China's Bismarck in many ways is Deng Xiaoping. I mean, he's,
he's the one who was able to plan for the future thinking strategically about
where China's interests were. Xi Jinping is not like that. I mean, his
approaches remind me much, much more of, of some of those, not necessarily just
in Germany, but political leaders that came after the Bismarckian era who were
trying to deal with, as we already talked about conflicts and issues that were
real and were there, but couldn't quite find a way of doing so.
Donald Trump, on the other hand, had some, you know, it
certainly has some of the impulsiveness. He also, in my view, has some of the
striking lack of thinking strategically over the long term that Wilhelm II also
had. I mean, and, and this is part of what worries me, so I mean, if, if a
world class crisis of the 1914 kind, sort, the black swan event, where to come
along today with tensions already running high. I really worry about that
aspect of, of personalized predominance or, or, or rule.
I think that was one of the things that really did go wrong in
the summer of 1914 was that a number of these people, because of the
personalities, were not able to pull back when they should have seen that it
was in their interest to pull back.
Michael Feinberg: If
you look back at some of the more robust in depth treatments of that summer, whether
we're talking popular history like Barbara Tuchman or some of Christopher
Clark's later work that is, I would argue a bit more academic and rigorous, but
that's very much an ongoing theme, is how personality driven a lot of this was.
And an inability to, for the leaders to step out of themselves. And even
attempt to see things from another person's point of view, not as a matter of
empathy or grace, but simply as a means of coming up with a better strategy for
themselves. It seems to have never occurred, and I very much worry that that
could lead to a Black Swan event.
So I, I wanna address something in a region that you deal
within your book, but not as in depth with China. I was hoping I could pull
some more out of you about it. And you know, shortly after your book came out,
the United States launched a war against Iran. And I can very well see a world
in which a distant war in a far away land, as one of the less illustrious
British prime ministers would say, become something considerably more in the
same manner that the assassination of a single Habsburgian official led to a
conflagration that utterly unmade the world as it was then known.
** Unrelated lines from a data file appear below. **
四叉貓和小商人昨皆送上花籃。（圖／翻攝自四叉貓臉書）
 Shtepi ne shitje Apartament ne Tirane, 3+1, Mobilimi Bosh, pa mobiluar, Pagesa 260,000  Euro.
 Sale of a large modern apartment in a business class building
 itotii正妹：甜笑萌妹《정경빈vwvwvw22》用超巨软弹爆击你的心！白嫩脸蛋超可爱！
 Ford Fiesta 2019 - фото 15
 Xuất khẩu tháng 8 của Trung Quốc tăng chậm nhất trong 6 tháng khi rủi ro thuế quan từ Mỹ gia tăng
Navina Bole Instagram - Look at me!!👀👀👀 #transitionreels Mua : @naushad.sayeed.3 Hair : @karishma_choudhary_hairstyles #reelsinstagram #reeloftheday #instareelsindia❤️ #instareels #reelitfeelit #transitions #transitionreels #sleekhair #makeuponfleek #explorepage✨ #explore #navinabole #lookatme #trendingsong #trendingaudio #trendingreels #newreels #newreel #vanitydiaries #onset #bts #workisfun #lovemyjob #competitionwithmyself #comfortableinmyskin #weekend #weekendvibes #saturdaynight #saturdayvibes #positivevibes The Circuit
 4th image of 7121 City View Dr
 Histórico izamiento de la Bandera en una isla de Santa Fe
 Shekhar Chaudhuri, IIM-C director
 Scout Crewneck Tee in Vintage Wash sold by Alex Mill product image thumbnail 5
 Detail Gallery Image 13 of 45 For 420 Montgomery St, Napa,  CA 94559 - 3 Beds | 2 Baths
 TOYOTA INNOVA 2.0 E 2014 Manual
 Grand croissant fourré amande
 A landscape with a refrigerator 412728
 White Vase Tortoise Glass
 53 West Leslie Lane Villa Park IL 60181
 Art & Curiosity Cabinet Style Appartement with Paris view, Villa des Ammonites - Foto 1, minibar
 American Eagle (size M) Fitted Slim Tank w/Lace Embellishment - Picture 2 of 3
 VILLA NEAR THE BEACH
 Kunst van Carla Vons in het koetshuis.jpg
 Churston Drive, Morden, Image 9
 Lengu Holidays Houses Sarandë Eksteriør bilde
And I was just wondering, should we be concerned about this
conflict in Iran, a country which in many sense is integrated into the sort of
international ecosystem that Russia and China also belong to expanding into
something that does resemble eras in history we would prefer not to go back to?
Arne Westad: There is
certainly a risk of that. I mean, clearly in my view, particularly with how the
war has developed over the last couple of weeks, I, I think there is a definite
possibility. Not that this in itself I think could lead immediately to a
greater configuration, but that it could come together with other issues, right,
in creating a kind of situation that it would be really, really hard to get
out.
And of course, problem in the summer of 1914 was that Kaiser
Wilhelm had been on his annual sailing vacation in the Norwegian fjords and was
called back to Potsdam in in July 1914. And when told that this was because of
a Balkan crisis, he exploded as he often did, and said, you know, why did you
call me back here for another Balkan crisis? I've had 13 of these in my reign
and we all always been able to contain them.
And then there are those terrifying 36 hours after that. But it
dawns on him and everyone else that this time is different, that this time it
might be much more difficult to pull back. I worry about that with regard to
the current war in Iran, because you know, usually through the Cold War, even
before the Cold War, we had plenty of conflict in the Middle East.
And to use that term, you know, usually the conclusion among
great power leaders was what happens in the, in the Middle East stays in the
Middle East, but that's become less and less true. I mean, since the Iraq war
especially, or since 9/11, right. I think we are now in territory where because
of the nature of this U.S. war against Iran, the chances for an international
spillover are far greater than we've ever seen with any kind of U.S.
involvement in the Middle East.
And that's one of the reasons why I think it is so important to
pull back because we do not know in which direction this is heading, and I
think the consequences could be very severe.
Michael Feinberg: So
let's get to sort of the latter third of your book, then how do we effectively
walk ourselves back from that cliff's edge?
And I'll speak from the American's perspective, like how do you
walk back from that precipice that could lead to horrible conflict? And I don't
think there is anybody who has ever studied, for example, the PLA and the U.S.
military and the buildup in the South China seas or goings on the Taiwan
straits, who would argue that war would not be horrific. Even a short war would have unimaginable
casualties that have been unseen for almost a century.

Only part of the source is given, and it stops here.